(Dataset records)
========================================

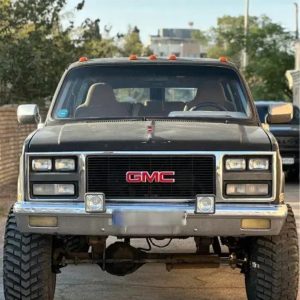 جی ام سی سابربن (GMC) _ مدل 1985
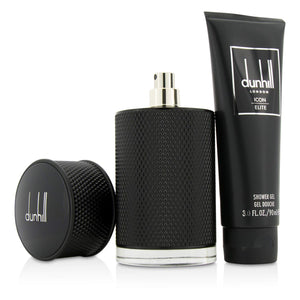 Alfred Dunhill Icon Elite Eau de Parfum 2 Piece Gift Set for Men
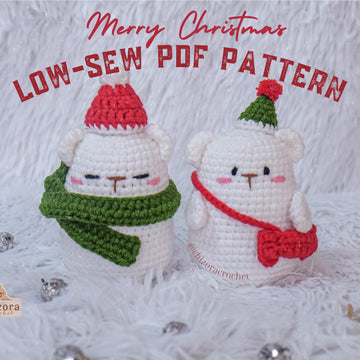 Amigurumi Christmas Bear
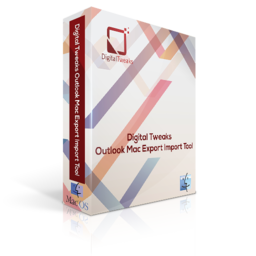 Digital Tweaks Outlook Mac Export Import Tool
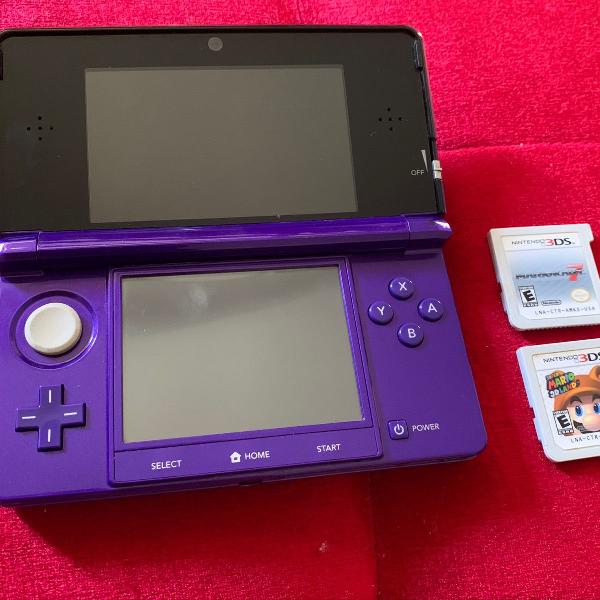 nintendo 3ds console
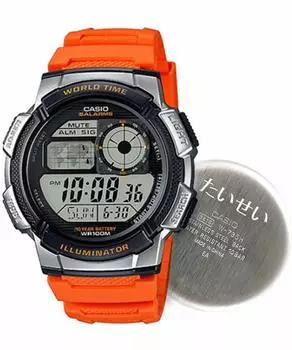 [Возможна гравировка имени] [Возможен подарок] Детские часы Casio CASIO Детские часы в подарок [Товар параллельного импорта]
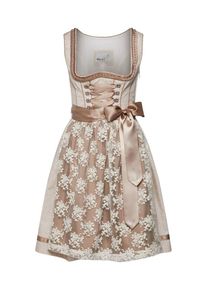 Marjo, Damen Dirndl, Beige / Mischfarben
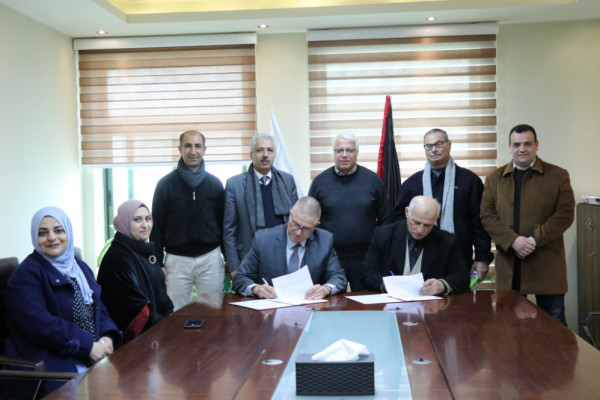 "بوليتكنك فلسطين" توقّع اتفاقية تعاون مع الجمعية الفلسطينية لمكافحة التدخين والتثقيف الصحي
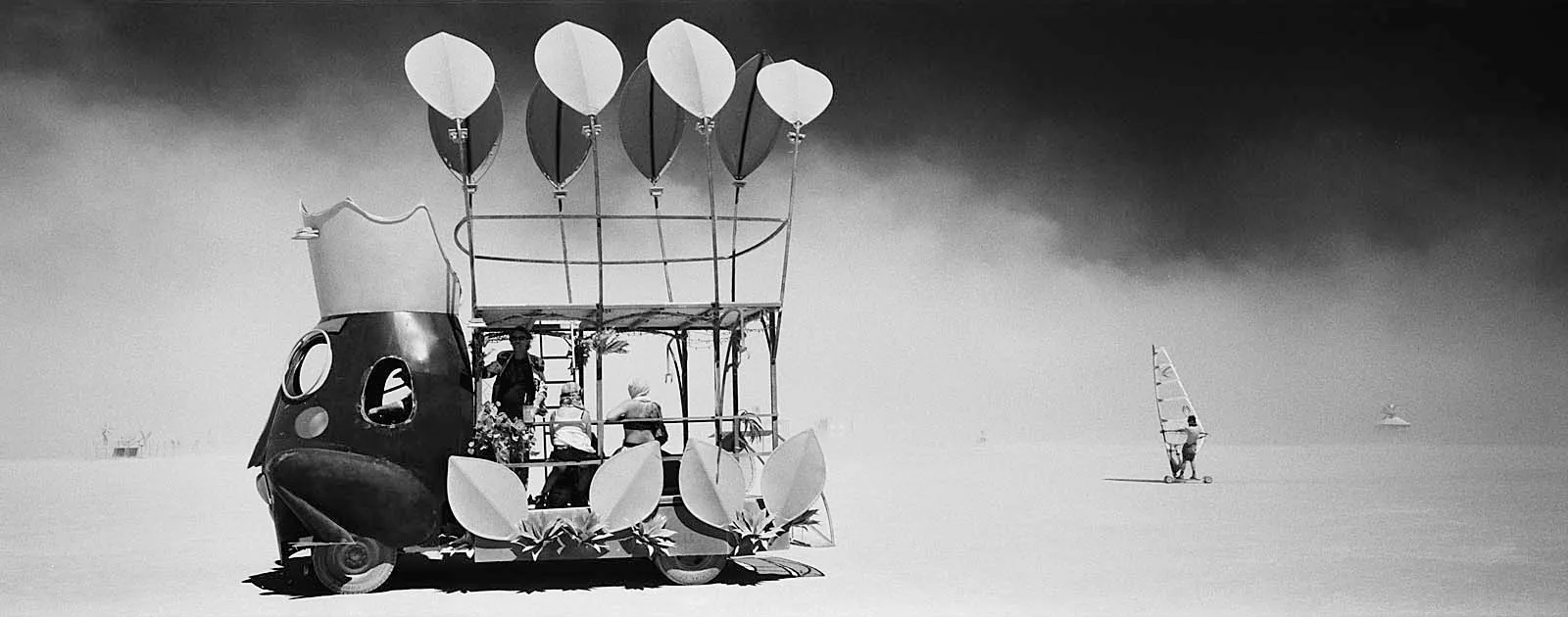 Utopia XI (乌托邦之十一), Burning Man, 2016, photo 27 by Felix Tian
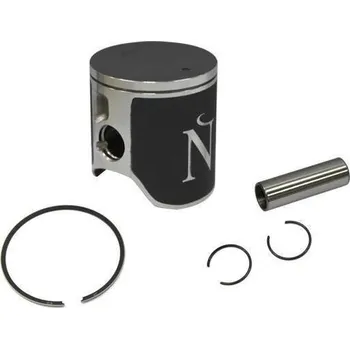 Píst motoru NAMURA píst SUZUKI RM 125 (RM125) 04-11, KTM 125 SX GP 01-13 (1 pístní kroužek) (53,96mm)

========================================

### Problem
Write out each line of the data exactly; the images should be left out.

### Solution to the exercise
 جی ام سی سابربن (GMC) _ مدل 1985
 Alfred Dunhill Icon Elite Eau de Parfum 2 Piece Gift Set for Men
 Amigurumi Christmas Bear
 Digital Tweaks Outlook Mac Export Import Tool
 nintendo 3ds console
 [Возможна гравировка имени] [Возможен подарок] Детские часы Casio CASIO Детские часы в подарок [Товар параллельного импорта]
 Marjo, Damen Dirndl, Beige / Mischfarben
 "بوليتكنك فلسطين" توقّع اتفاقية تعاون مع الجمعية الفلسطينية لمكافحة التدخين والتثقيف الصحي
 Utopia XI (乌托邦之十一), Burning Man, 2016, photo 27 by Felix Tian
 Píst motoru NAMURA píst SUZUKI RM 125 (RM125) 04-11, KTM 125 SX GP 01-13 (1 pístní kroužek) (53,96mm)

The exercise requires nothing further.